# ACTIVITY:
In the records below, find the line that contains "8220 SW 24th" and the line that contains "LPG yüklü tanker"; write out exactly those two lines and everything between them, without the pictures.

# EXERCISE DATA:
==*==

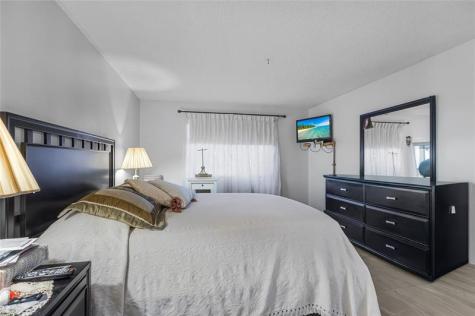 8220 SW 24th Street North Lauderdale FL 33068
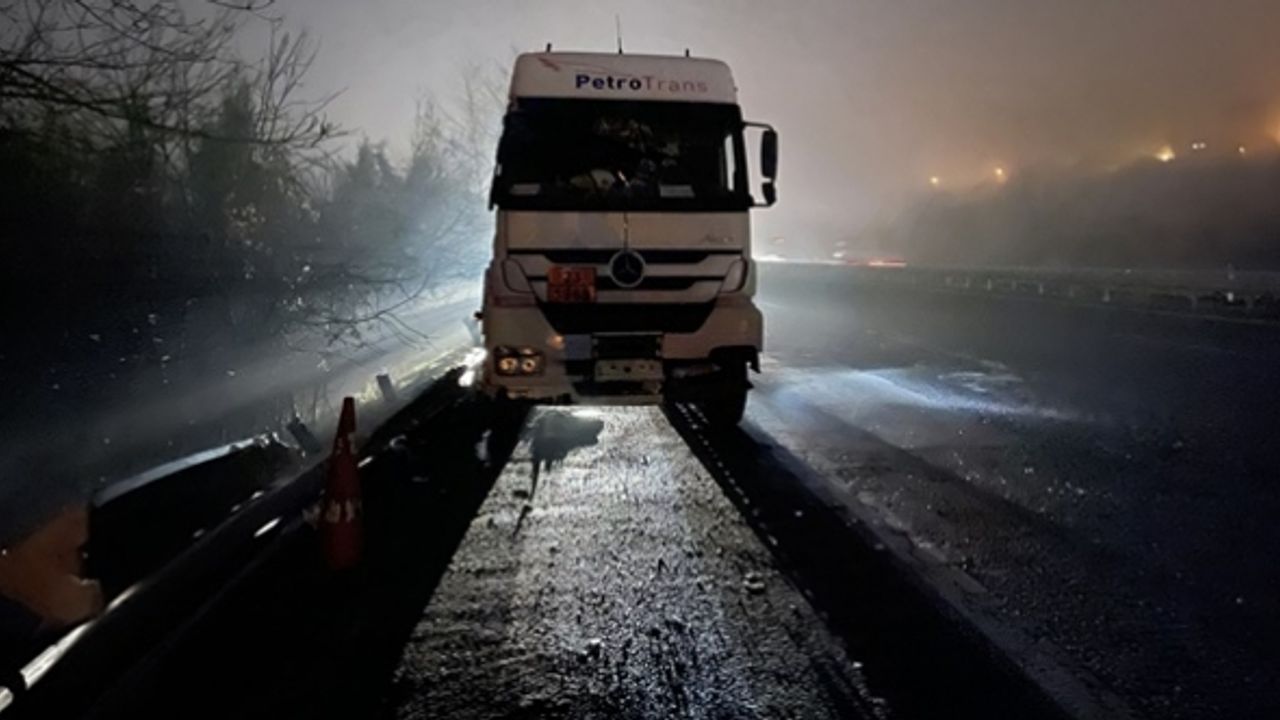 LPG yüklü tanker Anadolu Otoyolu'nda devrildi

==*==

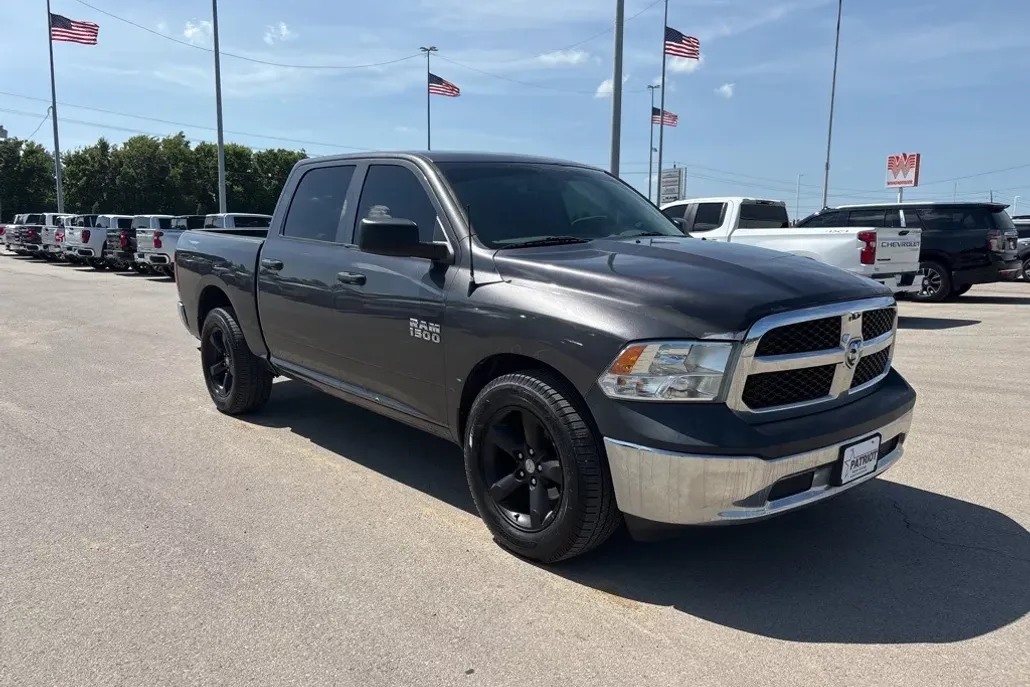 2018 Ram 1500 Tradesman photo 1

==*==

# THE ANSWER:
 8220 SW 24th Street North Lauderdale FL 33068
 LPG yüklü tanker Anadolu Otoyolu'nda devrildi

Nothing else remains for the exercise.